RECORDS TO USE:
══════════

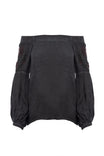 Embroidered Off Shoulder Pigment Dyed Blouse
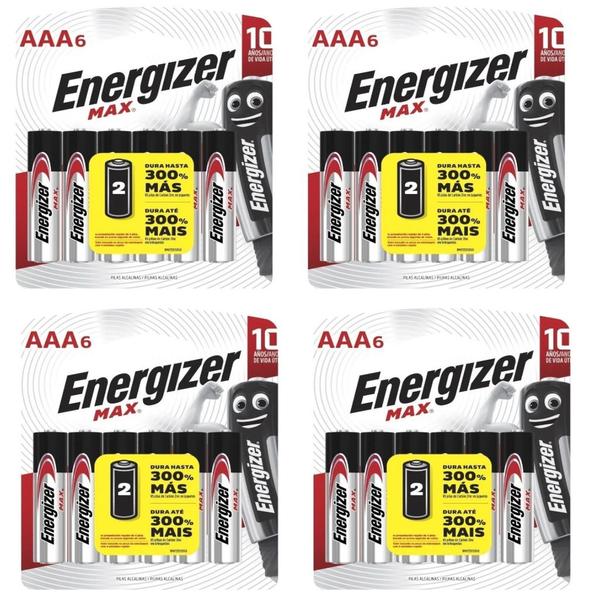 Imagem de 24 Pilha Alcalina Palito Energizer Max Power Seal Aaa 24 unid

══════════

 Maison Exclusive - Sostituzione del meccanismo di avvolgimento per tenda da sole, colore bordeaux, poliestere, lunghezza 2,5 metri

══════════

TASK: Look above for the line with "Embroidered Off Shoulder Pigment Dyed Blouse", then print it and each line after it down to and including the line with "Imagem de 24". Leave out the pictures and keep the wording exact.

EXERCISE OUTPUT:
 Embroidered Off Shoulder Pigment Dyed Blouse
 Imagem de 24 Pilha Alcalina Palito Energizer Max Power Seal Aaa 24 unid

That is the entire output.